You sound like we have a lot in common. I was raised abroad as well, and it has a lot to do with my current carreer choice. I don't know you and your life, but there was a time where I was stuck in Montreal with a boring job - so do know it's possible to get out of it!

South Africa is FANTASTIC. Do make your way to Lesotho if time allows, so you can have a taste of untouched Southern Africa. I put up a post with recommendations for travellers to SA on my blog some time ago. You can find them here :
Beaver Advice about SA

My archives of SA can be found on:
Beaver in SA (Nov. 2005)
and
Beaver in SA (Dec. 2005)

You are always welcome to ask questions, provide comments, constructive criticism or anything else.

Keep shining y'all !

Beav'

Anonymous said...

J'ai adore te lire.
La souffrance parfois a des moments de grace.
J'espere que ca ira mieux.

Beaver said...

Merci, FK pour le compliment et aussi pour l'encouragement.
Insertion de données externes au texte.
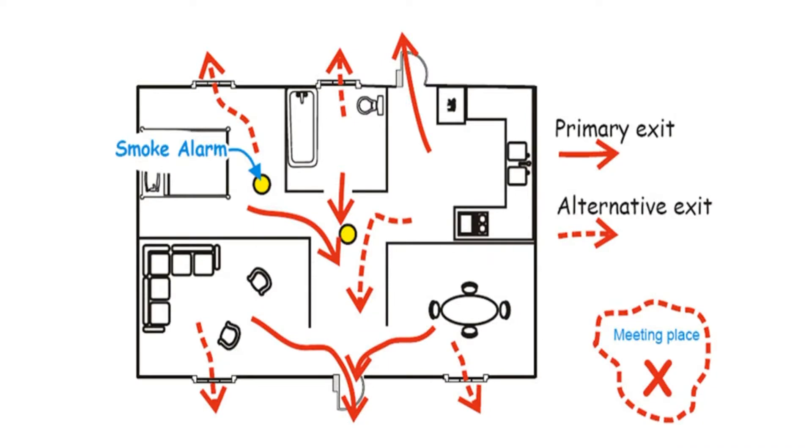When a smoke alarm sounds, get out quickly and stay outside. Make an escape plan with your family, including multiple ways out. Practice your escape plan at least twice a year. Use your smoke alarm test button to start your practice.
Ceci dit, c'il est vrai que la souffrance peut avoir une qualite esthetique... Ce n'est pas un etat dont on peut desirer qu'il soit permanent !

Heureusement, chez moi, c'est toujours en etat de fluctuation, ce qui me permet de survivre... mais j'avoue qu'il y a des moments ou je suis tres inquiete pour mon avenir.

Et oui, j'aime toujours mon Grand Amour. Il est possible que je ne cesse jamais de l'aimer. Mais si c'est quelque chose de tres romanesque (excellent dans un bouquin) - dans la vraie vie, c'est beaucoup moins agreable.

Bises,

Le Castor

Anonymous said...

Tres juste, ca me fait penser a une petite reflexion que je me suis faite a propos du cine: Tres tres dur de realiser une bonne comedie intelligente, ou un bon film sur un sujet leger, beaucoup moins difficile avec un peu de tact des qu'il y a des la douleur ou de la souffrance.

Beaver said...

Ce qui est difficile a recreer... c'est l'authenticite, je crois.

Il ne dois pas etre facile non plus de rire d'un gag a la 47eme reprise!

Ceci dit - ca m'enleve du merite... je me contente d'ecrire ce que je vis...

Bises, et a bientot !

Beaver

Anonymous said...

courage, tout vient à qui sait attendre !!!